Last night was Wilco at the amphitheater.  It was album release day for the band.  It was a gorgeous early autumn night in Raleigh.  It was a happy crowd. There is much that I should write about Wilco: the evolution of sound, and the craftsmanship of the guitar solos, and the magic blend of musicians that make up this band, and Jeff Tweedy’s singular voice.  But what I really want to say is this:

My seats were front row, center stage.

I hate to be cocky.  But feel like I earned it.  I bought tickets to three amphitheater shows on the same day.  The first two did not go particularly well.  One was a sticky, broiling evening, and I thought the band sounded like the Muppets.  Another was an amazing band, who was washed offstage in a deluge while the crowd swam to safety and tried to avoid lightning strikes.  I was worried about a three-peat, a trifecta of concert disasters.
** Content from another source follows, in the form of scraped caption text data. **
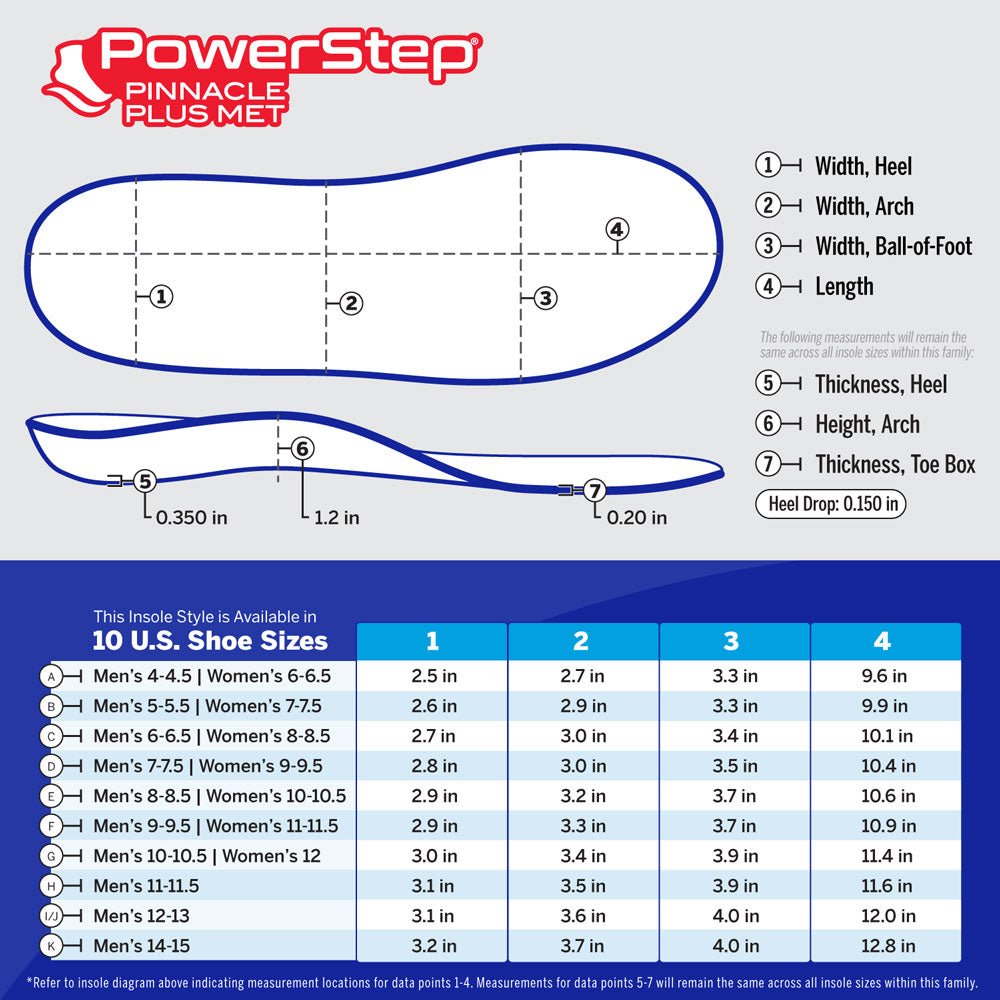 PowerStep Plus Insoles | Ball of Foot Pain Relief Orthotic, Metatarsalgia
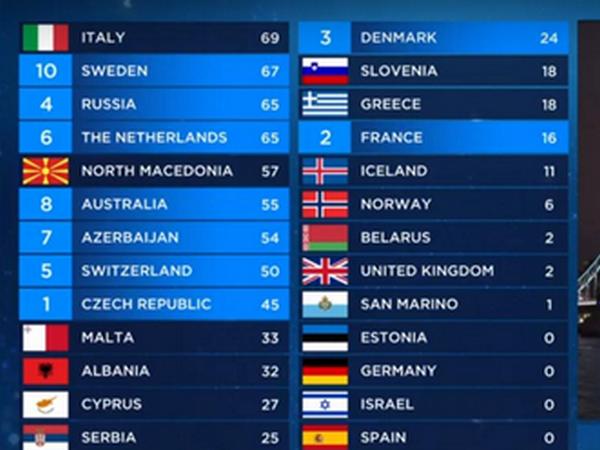 «Евровидение-2019»: все подробности гранд-финала в Израиле
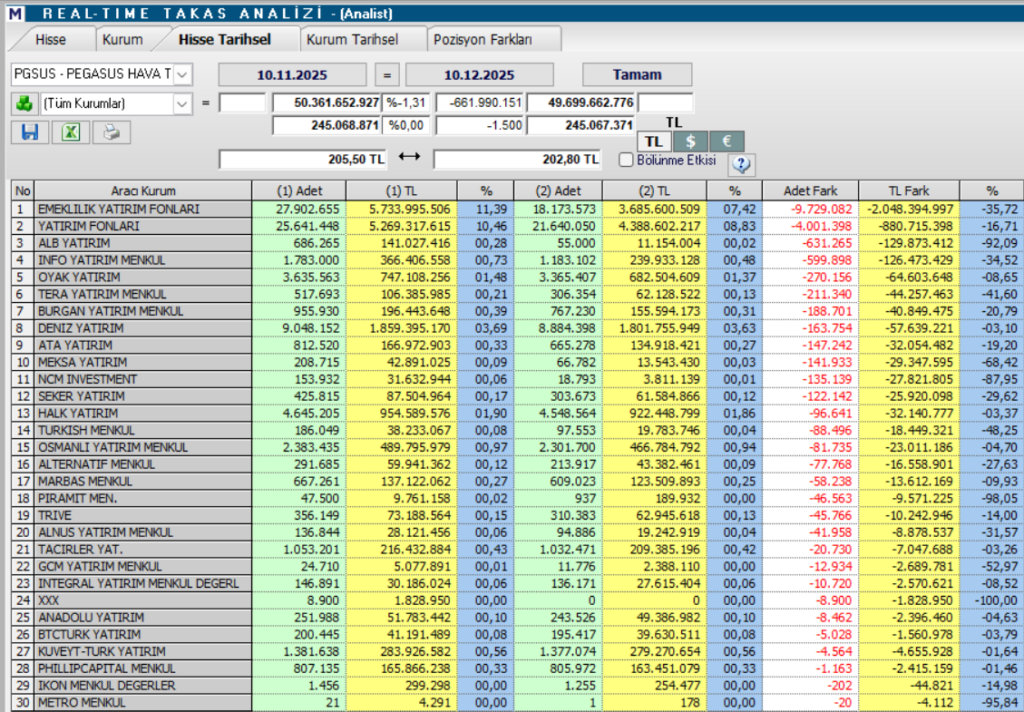 Pegasus (PGSUS) hedef fiyatları ve teknik analizi | Rota Borsa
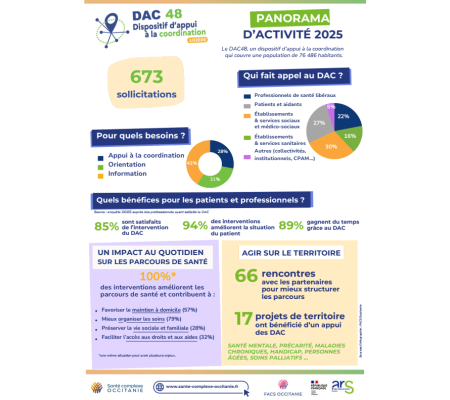 Panorama de l'activité 2025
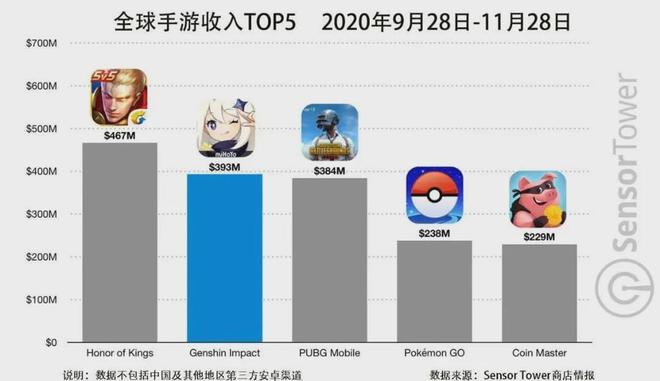 苹果最新手游排行榜，引领移动游戏新时代的佳作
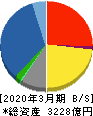 稲畑産業 貸借対照表 2020年3月期 稲畑産業 貸借対照表 2020年3月期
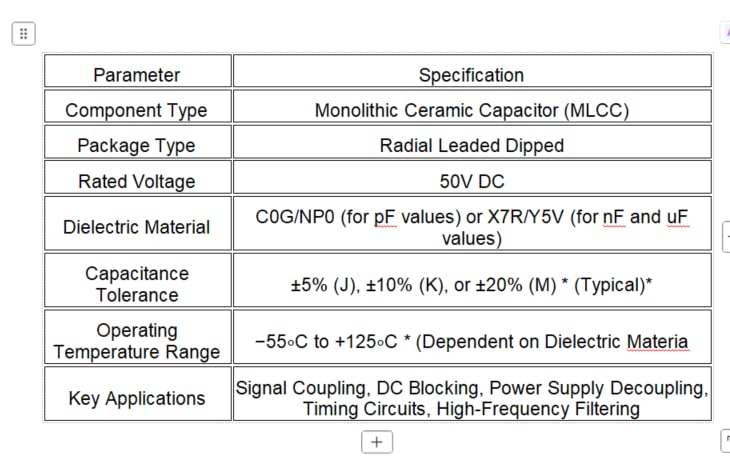 AideTek Dipped Radial Ceramic Capacitor kits 25 values, 10p/value total 250pcs in BOX-ALL-40 ESD safe enclosure RC-10
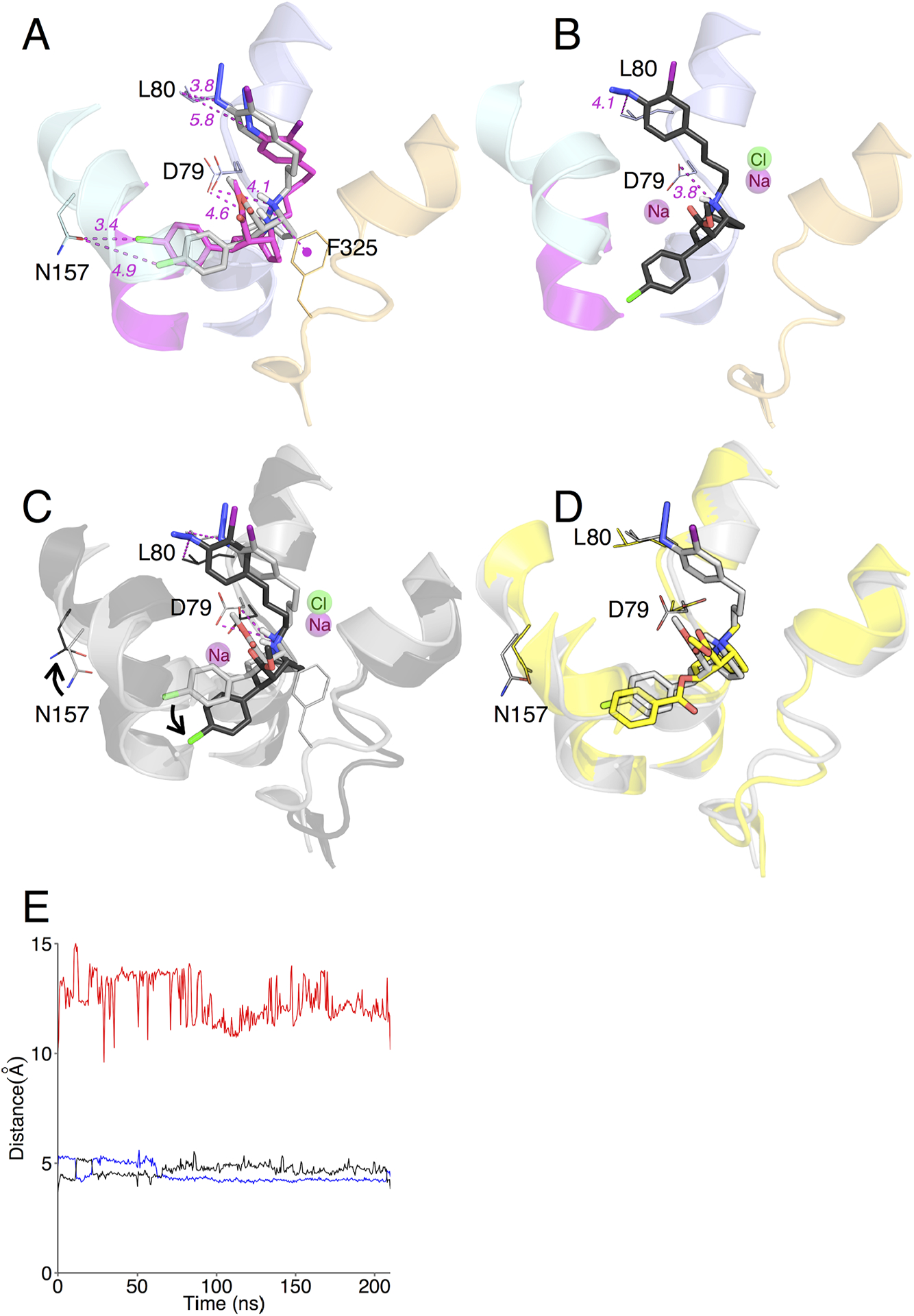 Figure 2.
Front row, center stage at Wilco was my reward, my return on the summer amphitheater investment.  How did I score front row tickets, you ask?  Am I sleeping with a band member (or at least a roadie?) No.  Did I pay an exorbitant fee? No.  Did I hover at my keyboard, with all of my information at the ready, waiting for online ticket sales, so that I could hit “purchase” at exactly the right second?  No.  I hesitate to reveal my secret, but I did it by accident, so it’s only fair.  I went old-school.  I walked over to the box office, beside Meymandi Hall.  Those people will hook you up, man.  They care about their customers, and they like it when real live people step away from their computers and come say hello.  I was something like seventh in line.  And they start selling tickets at row A, seat 1 and work inward.  So when they got down to me: seats 14 and 15.  Dead center stage.  It’s magic I might not be able to work again.  But I felt like a rock star myself.